-di PIERLUIGI PIETRICOLA–
L’ultimo libro di Marco Presta è semplicemente bellissimo. Fate come se non ci fossi, recita il titolo: un monito, un bonario consiglio. In un certo senso, anche una manifestazione di modestia. Perché questo diario intimo, questo sguardo sul mondo quotidiano, con le sue piccole gioie, afflizioni, speranze, avvenimenti storti che rendono nera la giornata di ogni comune mortale, Presta vorrebbe fosse il punto di vista adottato da ogni suo lettore.

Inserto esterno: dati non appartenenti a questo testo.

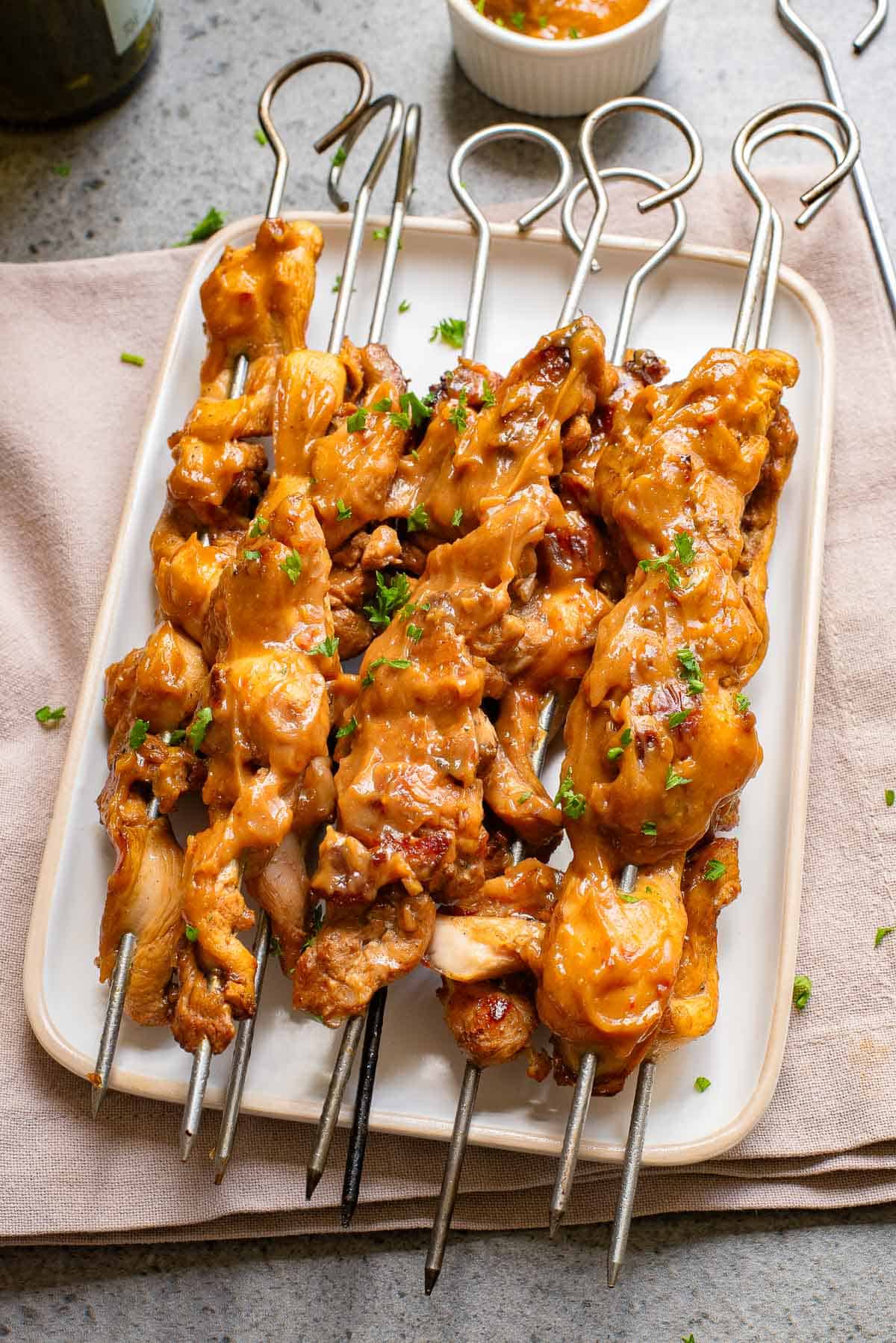 Grilled chicken skewers with a browned marinade on a white rectangular plate, garnished with parsley, with a bowl of dipping sauce in the background.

Si tratta, però, di una vana speranza. L’ironia, l’humor, quello sguardo apparentemente cinico – ma così romantico e pieno di tenerezza e sensibilità – non è caratteristica comune. In pochi la possiedono. E quei pochi sono fra i più fortunati uomini che vivono sulla terra, perché non sono afflitti da ciò che ad altri può atterrire o immalinconire in quanto ne scorgono l’altra faccia della luna, quella che rimane sempre in disparte e che, se presa in esame, farebbe crollare il mondo di apparenze e sofferenze così meschine in cui tutti siamo irretiti.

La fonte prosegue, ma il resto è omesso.